Coal Hazards and Research Needs

Fuels of all types create adverse environmental effects in every part of the production—consumption cycle: extraction, upgrading, transportation, conversion, and utilization. The nature and type of the environmental impact varies with the fuel, but coal is by far the most potentially polluting of them all. Thus, a doubling of the use of coal—which is proposed by President Carter—could create very large adverse environmental effects, such as those identified below, if the best available control technology is not used.

Surface mining can produce not only land damage and adverse aesthetic effects, but can pollute streams by deposition of silt and the discharge of acid mine water. Underground mining causes subsidence, and while its effects on land are not as visible as those of strip mining, they can be major and long-lasting. During the past year the president signed a strip-mining bill aimed at reclaiming land that was disturbed by surface mining in the past and at preventing land damage from current surface mining operations.

Coal preparation plants also are a source of pollution. Air pollution results from the sulfur oxides and particulates emitted during coal drying. The discharge of water used to clean the coal can cause pollution. Solid wastes are removed from the coal during washing and these are normally stored above ground. They are a potential source of air and water pollution when the piles are leached by rainwater.

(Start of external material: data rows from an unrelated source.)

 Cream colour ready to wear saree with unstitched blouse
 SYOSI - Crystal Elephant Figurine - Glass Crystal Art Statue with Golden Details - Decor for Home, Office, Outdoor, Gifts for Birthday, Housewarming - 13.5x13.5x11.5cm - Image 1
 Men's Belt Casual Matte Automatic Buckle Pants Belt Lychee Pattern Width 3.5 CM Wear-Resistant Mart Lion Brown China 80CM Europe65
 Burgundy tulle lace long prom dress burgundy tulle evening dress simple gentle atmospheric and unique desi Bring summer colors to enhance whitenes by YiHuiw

The environmental impacts of coal conversion processes have probably received the major attention of those concerned with preserving environmental quality. Air pollutants arising from the combustion of coal include sulfur oxides, nitrogen oxides, particulates, carbon monoxide, and small amounts of hydrocarbons and heavy metals. Water pollution is caused also by the chemical additives that are used to prevent corrosion and by hot water. Solid wastes, in the form of ash or sludge from sulfur oxide scrubbers, must also be disposed of. About 20 percent of the coal mined in the United States is used to make coke, and coke oven plants are one of the most polluting of all industrial processes. As new processes for converting coal to synthetic gaseous or liquid fuels become commercial, a new set of potential environmental effects will be created. And in the long run, the climatic impact of a large increase in coal burning will have to be taken into account. Two issues of particular concern are discussed below.

Climatic effects. The growing use of fossil fuels, which started a century ago with the industrial revolution, has caused the carbon dioxide content of the air to increase.

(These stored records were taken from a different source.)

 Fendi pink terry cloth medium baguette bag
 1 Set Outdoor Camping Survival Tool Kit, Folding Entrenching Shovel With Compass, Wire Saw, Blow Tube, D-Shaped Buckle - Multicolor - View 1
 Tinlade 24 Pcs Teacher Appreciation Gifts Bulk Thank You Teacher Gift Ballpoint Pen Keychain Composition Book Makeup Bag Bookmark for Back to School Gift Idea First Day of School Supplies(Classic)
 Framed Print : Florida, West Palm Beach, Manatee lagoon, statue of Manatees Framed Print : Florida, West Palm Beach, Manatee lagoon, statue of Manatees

In July 1977, the National Academy of Sciences released a report entitled Energy and Climate. Two aspects of this study are of major importance. First, the report states that there is no reason as yet, from a climatic viewpoint, to be concerned about the utilization of coal (or other fossil fuels) at least over a period of a few decades. Nevertheless, a judgment about the climatic impacts of fossil fuel utilization will have to be made soon enough to ensure that other sources of energy will be developed if the carbon dioxide "greenhouse" effect appears to be a large problem. It should be noted that this is a global, not just a U.S. problem. Currently, the United States contributes only about 27 percent of the carbon dioxide produced by combustion of fuel and this share is likely to decline to approximately 10 percent by the year 2000.

The second conclusion of the report is that "there are profound uncertainties about the carbon cycle, climate and their interdependence." The report, states that "these uncertainties can be resolved only by a well-coordinated effort of a profound interdisciplinary character." It then recommends that a comprehensive research program be undertaken now and continued over the next several decades to resolve these problems. Making the right decision in such a context of persistent uncertainty will demand a great deal of wisdom and luck.

Sulfur oxides. An environmental problem of more immediate interest relates to the control of sulfur oxide emissions from coal combustion. This issue has been under debate and consideration now for nearly fifteen years, but major problems about the state of control technology still remain. At present, about twenty-five flue gas scrubbers are in operation, covering about 3 percent of all coal-fired electric utility capacity.

In addition to the scrubbers now in operation, about twice as much capacity is under construction and much more capacity is planned. Although lime and limestone scrubbers represent 90 percent of all capacity in operation, and most of that under construction, a number of the plants that are being planned intend to use some type of regenerable scrubbing process that creates a useful by-product instead of a waste. Even after a decade of use, lime and limestone scrubbers continue to be less reliable than the electric utility companies would like.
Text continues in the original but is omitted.